▶ Problem to solve:
In full and without alteration, print the entries.

-- Information given follows --

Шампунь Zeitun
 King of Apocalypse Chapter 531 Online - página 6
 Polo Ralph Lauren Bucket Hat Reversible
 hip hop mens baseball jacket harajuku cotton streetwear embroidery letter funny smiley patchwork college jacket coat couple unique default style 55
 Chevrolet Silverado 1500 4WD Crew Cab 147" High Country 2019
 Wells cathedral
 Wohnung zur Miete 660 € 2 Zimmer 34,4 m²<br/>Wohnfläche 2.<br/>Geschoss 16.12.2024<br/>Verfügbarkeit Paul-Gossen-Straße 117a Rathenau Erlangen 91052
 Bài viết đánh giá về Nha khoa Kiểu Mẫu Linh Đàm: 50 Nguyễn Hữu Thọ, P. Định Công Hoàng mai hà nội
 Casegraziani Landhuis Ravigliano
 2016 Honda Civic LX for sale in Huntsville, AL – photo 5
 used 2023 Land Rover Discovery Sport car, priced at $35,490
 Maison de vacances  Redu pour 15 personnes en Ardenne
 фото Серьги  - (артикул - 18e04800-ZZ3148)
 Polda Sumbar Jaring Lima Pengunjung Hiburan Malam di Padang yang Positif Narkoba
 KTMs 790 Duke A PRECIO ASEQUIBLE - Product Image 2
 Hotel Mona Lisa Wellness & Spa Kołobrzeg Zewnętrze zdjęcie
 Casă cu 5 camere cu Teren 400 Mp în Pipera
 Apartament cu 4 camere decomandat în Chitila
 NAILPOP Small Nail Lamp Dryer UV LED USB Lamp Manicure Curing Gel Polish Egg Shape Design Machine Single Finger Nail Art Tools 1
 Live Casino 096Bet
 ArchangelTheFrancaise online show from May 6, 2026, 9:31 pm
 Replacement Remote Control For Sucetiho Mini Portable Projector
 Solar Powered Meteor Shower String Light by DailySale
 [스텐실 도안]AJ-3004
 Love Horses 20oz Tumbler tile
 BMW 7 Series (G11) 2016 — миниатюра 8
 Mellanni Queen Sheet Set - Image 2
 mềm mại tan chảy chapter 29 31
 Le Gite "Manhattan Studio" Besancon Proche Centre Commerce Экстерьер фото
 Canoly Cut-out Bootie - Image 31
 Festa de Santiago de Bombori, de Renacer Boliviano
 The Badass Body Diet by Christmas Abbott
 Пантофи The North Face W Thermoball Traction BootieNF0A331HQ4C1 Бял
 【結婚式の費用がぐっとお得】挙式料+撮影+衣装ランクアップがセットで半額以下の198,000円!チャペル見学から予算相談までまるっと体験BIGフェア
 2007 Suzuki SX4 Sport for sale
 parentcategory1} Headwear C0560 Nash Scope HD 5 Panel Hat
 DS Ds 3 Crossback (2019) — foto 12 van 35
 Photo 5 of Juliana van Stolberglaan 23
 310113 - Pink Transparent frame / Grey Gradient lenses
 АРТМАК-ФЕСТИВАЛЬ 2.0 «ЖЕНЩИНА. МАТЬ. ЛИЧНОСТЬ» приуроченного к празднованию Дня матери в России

-- Information given concluded --

▶ Answer area:
Шампунь Zeitun
 King of Apocalypse Chapter 531 Online - página 6
 Polo Ralph Lauren Bucket Hat Reversible
 hip hop mens baseball jacket harajuku cotton streetwear embroidery letter funny smiley patchwork college jacket coat couple unique default style 55
 Chevrolet Silverado 1500 4WD Crew Cab 147" High Country 2019
 Wells cathedral
 Wohnung zur Miete 660 € 2 Zimmer 34,4 m²<br/>Wohnfläche 2.<br/>Geschoss 16.12.2024<br/>Verfügbarkeit Paul-Gossen-Straße 117a Rathenau Erlangen 91052
 Bài viết đánh giá về Nha khoa Kiểu Mẫu Linh Đàm: 50 Nguyễn Hữu Thọ, P. Định Công Hoàng mai hà nội
 Casegraziani Landhuis Ravigliano
 2016 Honda Civic LX for sale in Huntsville, AL – photo 5
 used 2023 Land Rover Discovery Sport car, priced at $35,490
 Maison de vacances  Redu pour 15 personnes en Ardenne
 фото Серьги  - (артикул - 18e04800-ZZ3148)
 Polda Sumbar Jaring Lima Pengunjung Hiburan Malam di Padang yang Positif Narkoba
 KTMs 790 Duke A PRECIO ASEQUIBLE - Product Image 2
 Hotel Mona Lisa Wellness & Spa Kołobrzeg Zewnętrze zdjęcie
 Casă cu 5 camere cu Teren 400 Mp în Pipera
 Apartament cu 4 camere decomandat în Chitila
 NAILPOP Small Nail Lamp Dryer UV LED USB Lamp Manicure Curing Gel Polish Egg Shape Design Machine Single Finger Nail Art Tools 1
 Live Casino 096Bet
 ArchangelTheFrancaise online show from May 6, 2026, 9:31 pm
 Replacement Remote Control For Sucetiho Mini Portable Projector
 Solar Powered Meteor Shower String Light by DailySale
 [스텐실 도안]AJ-3004
 Love Horses 20oz Tumbler tile
 BMW 7 Series (G11) 2016 — миниатюра 8
 Mellanni Queen Sheet Set - Image 2
 mềm mại tan chảy chapter 29 31
 Le Gite "Manhattan Studio" Besancon Proche Centre Commerce Экстерьер фото
 Canoly Cut-out Bootie - Image 31
 Festa de Santiago de Bombori, de Renacer Boliviano
 The Badass Body Diet by Christmas Abbott
 Пантофи The North Face W Thermoball Traction BootieNF0A331HQ4C1 Бял
 【結婚式の費用がぐっとお得】挙式料+撮影+衣装ランクアップがセットで半額以下の198,000円!チャペル見学から予算相談までまるっと体験BIGフェア
 2007 Suzuki SX4 Sport for sale
 parentcategory1} Headwear C0560 Nash Scope HD 5 Panel Hat
 DS Ds 3 Crossback (2019) — foto 12 van 35
 Photo 5 of Juliana van Stolberglaan 23
 310113 - Pink Transparent frame / Grey Gradient lenses
 АРТМАК-ФЕСТИВАЛЬ 2.0 «ЖЕНЩИНА. МАТЬ. ЛИЧНОСТЬ» приуроченного к празднованию Дня матери в России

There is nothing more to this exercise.